• **ACTION ITEM**
Lines where the string "Little" appears are to be copied from the entries below.

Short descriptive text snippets
○ ○ ○ ○ ○

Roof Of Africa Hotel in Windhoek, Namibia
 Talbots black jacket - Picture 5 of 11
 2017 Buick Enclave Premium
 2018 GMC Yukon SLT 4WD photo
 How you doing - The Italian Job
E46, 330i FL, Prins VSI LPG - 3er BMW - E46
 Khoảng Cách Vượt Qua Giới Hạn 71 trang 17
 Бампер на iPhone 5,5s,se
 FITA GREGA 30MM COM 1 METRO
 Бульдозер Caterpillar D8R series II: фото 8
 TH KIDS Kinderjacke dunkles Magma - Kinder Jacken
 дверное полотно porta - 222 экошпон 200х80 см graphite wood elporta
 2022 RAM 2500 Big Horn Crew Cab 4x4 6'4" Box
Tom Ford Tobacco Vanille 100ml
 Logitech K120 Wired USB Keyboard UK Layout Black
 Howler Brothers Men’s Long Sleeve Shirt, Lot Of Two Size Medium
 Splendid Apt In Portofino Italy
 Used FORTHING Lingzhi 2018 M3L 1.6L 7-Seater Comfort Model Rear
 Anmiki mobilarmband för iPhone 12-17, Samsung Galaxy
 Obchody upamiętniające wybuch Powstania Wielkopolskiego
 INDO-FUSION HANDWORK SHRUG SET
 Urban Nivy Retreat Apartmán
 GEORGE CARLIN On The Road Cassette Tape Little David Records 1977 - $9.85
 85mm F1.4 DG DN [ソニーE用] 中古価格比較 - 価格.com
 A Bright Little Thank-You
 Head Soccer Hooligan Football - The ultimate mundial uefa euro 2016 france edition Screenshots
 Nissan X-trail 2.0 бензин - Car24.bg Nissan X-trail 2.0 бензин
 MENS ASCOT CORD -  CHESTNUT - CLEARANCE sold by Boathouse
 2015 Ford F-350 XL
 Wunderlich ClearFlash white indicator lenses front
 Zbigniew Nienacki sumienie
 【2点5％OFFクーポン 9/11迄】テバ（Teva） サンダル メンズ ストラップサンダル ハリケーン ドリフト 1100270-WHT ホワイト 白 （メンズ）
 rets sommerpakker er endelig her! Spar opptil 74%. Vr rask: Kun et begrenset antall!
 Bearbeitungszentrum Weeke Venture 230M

○ ○ ○ ○ ○

• **RESULT OF THE TASK**
 GEORGE CARLIN On The Road Cassette Tape Little David Records 1977 - $9.85
 A Bright Little Thank-You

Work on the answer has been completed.